■ **TASK TO CARRY OUT**: Copy the data below exactly, omitting any picture it contains.

■ **DATA**:
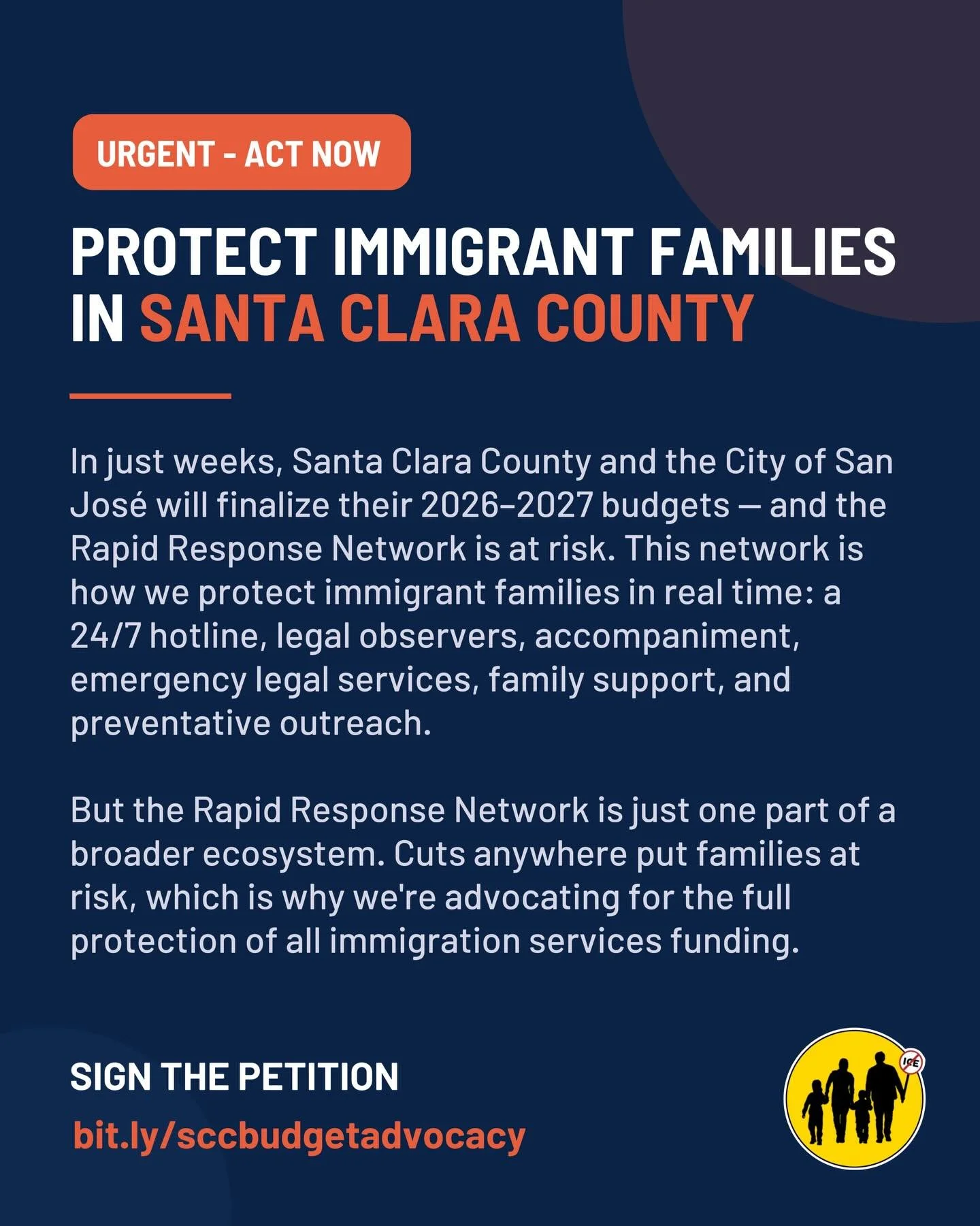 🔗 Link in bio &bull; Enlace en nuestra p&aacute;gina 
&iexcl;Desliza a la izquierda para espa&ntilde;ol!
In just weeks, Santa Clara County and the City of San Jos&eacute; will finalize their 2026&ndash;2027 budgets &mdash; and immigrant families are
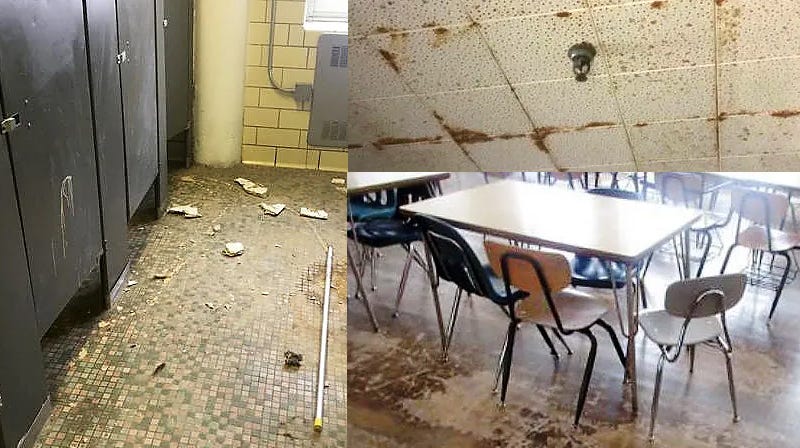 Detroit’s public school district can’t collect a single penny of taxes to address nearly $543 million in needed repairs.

■ **TASK OUTPUT**:
 🔗 Link in bio &bull; Enlace en nuestra p&aacute;gina 
&iexcl;Desliza a la izquierda para espa&ntilde;ol!
In just weeks, Santa Clara County and the City of San Jos&eacute; will finalize their 2026&ndash;2027 budgets &mdash; and immigrant families are
 Detroit’s public school district can’t collect a single penny of taxes to address nearly $543 million in needed repairs.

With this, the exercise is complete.